[DATA Boundary: Start]

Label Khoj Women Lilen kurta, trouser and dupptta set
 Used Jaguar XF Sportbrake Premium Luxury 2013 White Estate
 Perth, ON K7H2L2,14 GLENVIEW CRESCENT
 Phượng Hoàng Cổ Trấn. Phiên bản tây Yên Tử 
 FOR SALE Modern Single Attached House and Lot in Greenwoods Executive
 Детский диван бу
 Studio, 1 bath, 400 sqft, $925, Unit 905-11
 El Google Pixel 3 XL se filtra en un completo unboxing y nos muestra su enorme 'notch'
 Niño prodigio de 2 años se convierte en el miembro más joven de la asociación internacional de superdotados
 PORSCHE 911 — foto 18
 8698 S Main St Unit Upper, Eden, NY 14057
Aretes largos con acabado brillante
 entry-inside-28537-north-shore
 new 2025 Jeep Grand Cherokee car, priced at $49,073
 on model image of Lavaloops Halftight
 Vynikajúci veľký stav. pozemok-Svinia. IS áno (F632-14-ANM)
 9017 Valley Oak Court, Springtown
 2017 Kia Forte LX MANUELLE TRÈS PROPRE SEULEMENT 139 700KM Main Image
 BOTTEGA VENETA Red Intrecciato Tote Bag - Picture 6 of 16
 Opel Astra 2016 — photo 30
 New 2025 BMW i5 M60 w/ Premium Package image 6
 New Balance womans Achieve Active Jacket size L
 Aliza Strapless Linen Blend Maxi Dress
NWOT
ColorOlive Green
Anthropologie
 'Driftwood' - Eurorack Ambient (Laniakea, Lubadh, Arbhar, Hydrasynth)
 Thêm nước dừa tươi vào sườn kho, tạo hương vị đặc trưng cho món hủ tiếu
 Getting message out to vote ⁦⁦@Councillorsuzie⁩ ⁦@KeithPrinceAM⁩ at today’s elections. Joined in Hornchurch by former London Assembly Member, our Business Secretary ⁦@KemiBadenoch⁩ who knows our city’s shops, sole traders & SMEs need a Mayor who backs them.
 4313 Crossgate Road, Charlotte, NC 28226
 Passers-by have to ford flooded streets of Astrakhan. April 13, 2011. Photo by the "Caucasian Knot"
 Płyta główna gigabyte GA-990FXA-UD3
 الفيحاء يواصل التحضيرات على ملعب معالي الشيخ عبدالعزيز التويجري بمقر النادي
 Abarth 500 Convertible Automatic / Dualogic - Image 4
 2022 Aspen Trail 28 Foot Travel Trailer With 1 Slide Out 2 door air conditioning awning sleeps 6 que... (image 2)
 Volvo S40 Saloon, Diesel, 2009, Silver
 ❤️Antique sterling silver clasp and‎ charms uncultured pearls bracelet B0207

[DATA Boundary: End]

__REQUIRED ACTION__
The full listing must be retyped precisely, with no line left out.

__RESPONSE TO THE EXERCISE__
Label Khoj Women Lilen kurta, trouser and dupptta set
 Used Jaguar XF Sportbrake Premium Luxury 2013 White Estate
 Perth, ON K7H2L2,14 GLENVIEW CRESCENT
 Phượng Hoàng Cổ Trấn. Phiên bản tây Yên Tử 
 FOR SALE Modern Single Attached House and Lot in Greenwoods Executive
 Детский диван бу
 Studio, 1 bath, 400 sqft, $925, Unit 905-11
 El Google Pixel 3 XL se filtra en un completo unboxing y nos muestra su enorme 'notch'
 Niño prodigio de 2 años se convierte en el miembro más joven de la asociación internacional de superdotados
 PORSCHE 911 — foto 18
 8698 S Main St Unit Upper, Eden, NY 14057
Aretes largos con acabado brillante
 entry-inside-28537-north-shore
 new 2025 Jeep Grand Cherokee car, priced at $49,073
 on model image of Lavaloops Halftight
 Vynikajúci veľký stav. pozemok-Svinia. IS áno (F632-14-ANM)
 9017 Valley Oak Court, Springtown
 2017 Kia Forte LX MANUELLE TRÈS PROPRE SEULEMENT 139 700KM Main Image
 BOTTEGA VENETA Red Intrecciato Tote Bag - Picture 6 of 16
 Opel Astra 2016 — photo 30
 New 2025 BMW i5 M60 w/ Premium Package image 6
 New Balance womans Achieve Active Jacket size L
 Aliza Strapless Linen Blend Maxi Dress
NWOT
ColorOlive Green
Anthropologie
 'Driftwood' - Eurorack Ambient (Laniakea, Lubadh, Arbhar, Hydrasynth)
 Thêm nước dừa tươi vào sườn kho, tạo hương vị đặc trưng cho món hủ tiếu
 Getting message out to vote ⁦⁦@Councillorsuzie⁩ ⁦@KeithPrinceAM⁩ at today’s elections. Joined in Hornchurch by former London Assembly Member, our Business Secretary ⁦@KemiBadenoch⁩ who knows our city’s shops, sole traders & SMEs need a Mayor who backs them.
 4313 Crossgate Road, Charlotte, NC 28226
 Passers-by have to ford flooded streets of Astrakhan. April 13, 2011. Photo by the "Caucasian Knot"
 Płyta główna gigabyte GA-990FXA-UD3
 الفيحاء يواصل التحضيرات على ملعب معالي الشيخ عبدالعزيز التويجري بمقر النادي
 Abarth 500 Convertible Automatic / Dualogic - Image 4
 2022 Aspen Trail 28 Foot Travel Trailer With 1 Slide Out 2 door air conditioning awning sleeps 6 que... (image 2)
 Volvo S40 Saloon, Diesel, 2009, Silver
 ❤️Antique sterling silver clasp and‎ charms uncultured pearls bracelet B0207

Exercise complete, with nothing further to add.